Gem author can see statistics about which ruby versions people use

jaredbeck commented 7 years ago

As a gem author, I want to see statistics about which ruby versions people are using, So I can make informed decisions about which rubies to support

As the author of a gem that depends on rails, I want to see statistics about which rails versions people use, So I can make informed decisions about which rails versions to support

This would be huge for the ruby community. Compatibility is an important goal of many gems.

I can think of a number of possible UIs for this, but first:

Do we have the data? https://github.com/rubygems/rubygems.org/issues/1335 seems to indicate that we do.
Would crunching the numbers be too great a burden for the infrastructure?

I'd be happy to do the legwork on this if someone with the commit bit is willing to sponsor it.

dwradcliffe commented 7 years ago

Do we have the data?

Currently no. There is some work started to send stats from the bundler client back to RubyGems.org but I don't think it's made it very far.

Would crunching the numbers be too great a burden for the infrastructure?

We have a few 3rd party services we use for stats, but nothing that would work well to expose on the website. At the moment we don't have the resources to store and process this data. I'm totally open to ideas and suggestions, although managing another data store seems unlikely right now.

dwradcliffe commented 7 years ago

Also, I think the idea is great and I agree it would be valuable to provide that information.

jaredbeck commented 7 years ago

Also, I think the idea is great and I agree it would be valuable to provide that information.

Great! Thanks for the quick response, David.

There is some work started to send stats from the bundler client back to RubyGems.org but I don't think it's made it very far.

Why the bundler client? That information isn't available server-side?

Would crunching the numbers be too great a burden for the infrastructure?

At the moment we don't have the resources to store and process this data.

I can read up on the infrastructure, assuming the easy to find resources like https://github.com/rubygems/rubygems-infrastructure/wiki/Architecture-Overview are up to date.

My naïve thought was that the final destination for the calculated statistics would be whatever data store holds gem profile data, like author names, links to repo, etc. Am I on the right track?

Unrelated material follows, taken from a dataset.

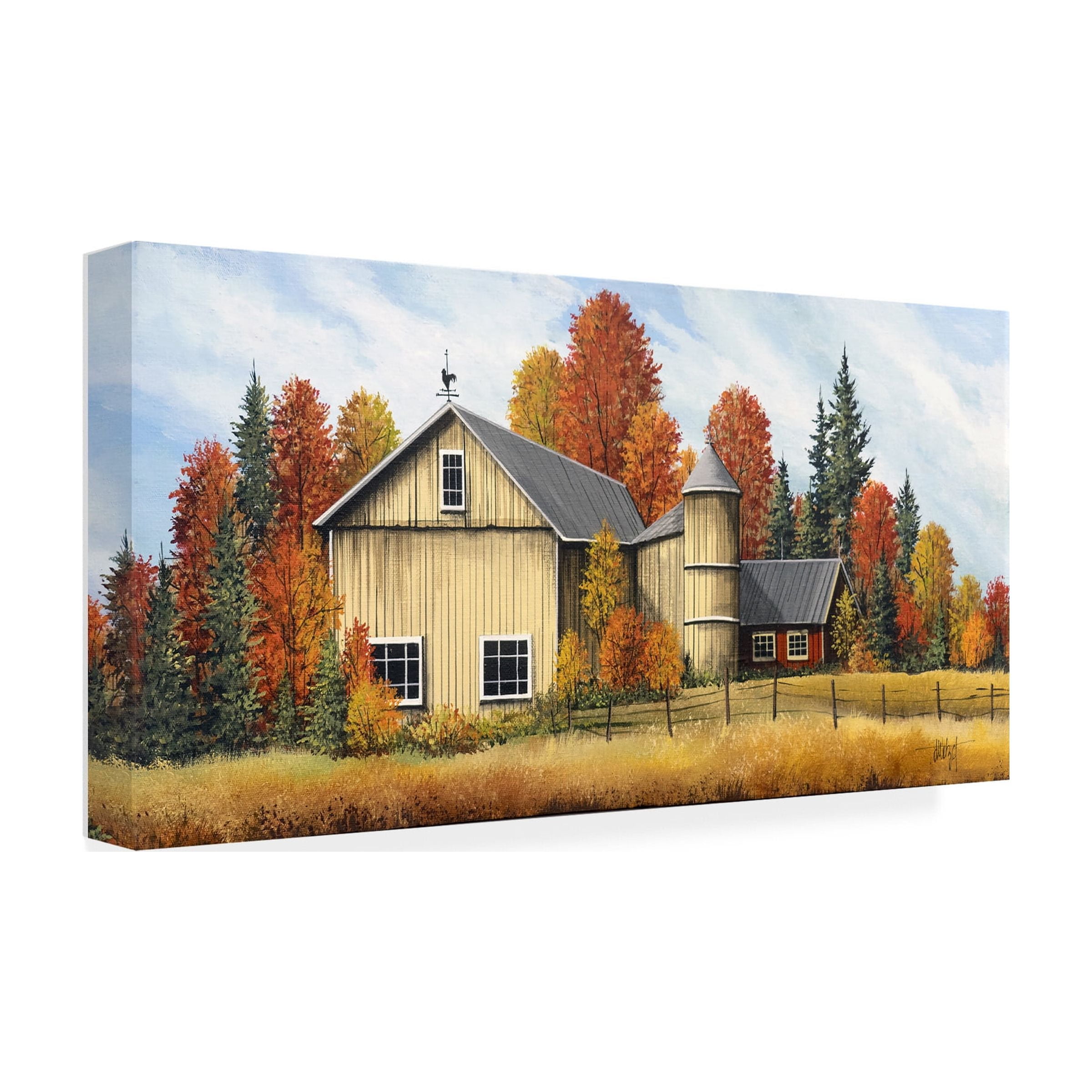 Trademark Fine Art Debbi Wetzel Yellow Barn Fall Canvas Wall Art - 24x47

dwradcliffe commented 7 years ago

That information isn't available server-side?

With the CDN/caching layers we have in place (Fastly), our servers only see a fraction of the requests. So we can't use that data. We can send logs from Fastly for every request to something to process and store them, but that's a lot of logs.

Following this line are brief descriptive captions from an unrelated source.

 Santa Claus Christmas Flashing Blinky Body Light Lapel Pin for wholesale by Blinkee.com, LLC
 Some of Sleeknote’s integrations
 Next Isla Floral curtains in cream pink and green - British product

As for storage, it's simply too much data to store in the postgresql database. We used redis to store similar data before, but it got to be too much data for redis to handle.

jaredbeck commented 7 years ago

So, if I understand correctly, we'll have to parse the logs from Fastly, aggregate that data, write the aggregated statistics to the postgres db, and display those stats on the gem profile. Is that correct?

We can send logs from Fastly for every request to something to process and store them, but that's a lot of logs.

Yeah, I'm sure. Any chance you can quantify that? Having a rough idea of the size of the raw logs, say, daily, will help with our planning.

Just to get the discussion going, let me throw out a few obvious architectures:

Parse logs and populate a columnar database, like redshift on AWS. This has the advantage that statistics can be recalculated at will, but I assume AWS would have to donate it, as it normally costs hundreds of dollars per terabyte per year.
Increment counts in redis (you've already said this is not feasible)
Increment counts directly in postgres (obviously not feasible, the write-load would be far too great)

Regarding the final aggregated statistics, let's see if we're on the same page; I'm picturing something like the following for each gem.

{
  ruby: {
    :collection_began_at => '2017-01-01',
    :total_downloads_since_collection_began => 3_000,
    :2.3.1 => 1_000,
    :2.2.5 => 1_500,
    :2.1.10 => 500,
    :jruby-1.7.25 => 0,
    :jruby-9.0.5.0 => 0,
    :rbx-3.28 => 0
  },
  rails: {
    :collection_began_at => '2017-03-01',
    :total_downloads_since_collection_began => 1_000,
    :5.0 => 500,
    :4.2 => 300,
    :4.1 => 200
  }
  # possibly other gems in the future
}

This would only add a few kilobytes at most to each gem record in the postgres database. Am I on the right track here? Were you picturing something similar?

ghost commented 7 years ago

I like the idea behind it so +1 - interestingly enough, at the least to me, I never thought about this. I mostly just use the latest ruby and sorta assume that everyone else uses it too. :D

Btw in the event that it may add too much data, how about an approximation? Something like, you know, "About 10% use ruby 1.8.x for this gem." or just for some major version data.

I mean the data structure is more accurate like: :5.0 => 500, :4.2 => 300, :4.1 => 200

But actually, would not 4.x and 5.x be sorta enough? Better than what we currently have.

So: :5.x => 500, :4.x => 500,

Could be even simpler, to keep track in iterations of 1000 :D :5.x => 5, :4.x => 2,

5000 and 2000! Minimal storing for maximum output!

jaredbeck commented 7 years ago

The final calculated statistics would only be a few kilobytes in each gem record in the postgres database, which is not a concern. When David says "it's simply too much data to store" I believe he means that tracking every download event (about 1 billion events per year?) in postgres or redis would be too much.

We can send logs from Fastly for every request to something to process and store them ..

How would these logs be batched? Daily, hourly? Hopefully not one HTTP request at a time :)

Would the "download event" that we extract from these logs represent a single gem install, or a bundle install?

.. would not 4.x and 5.x be sorta enough ..

Unfortunately, rails does not follow semver, and makes breaking changes in minor versions, so gem authors will want to know the minor version, 4.2, 5.0, etc.

indirect commented 7 years ago

@jaredbeck I would also dearly love to see stats like downloads per day/month/year. I think this would ultimately be better solved by a specialized event store that we can query for the actual data, rather than calculating a storing a tiny subset of it in postgres along with the actual critical gem data. Two examples of existing systems for this include npm statistics via map reduce and cocoapods statistics via Redshift. Since we already have a complete map reduce pipeline set up using Amazon SQS and Shoryuken, we may be able to make everything work by simply adding a little bit to that existing pipeline (although I don't know if Fastly supports logging arbitrary data sent in request headers, which is how Bundler currently reports Ruby version).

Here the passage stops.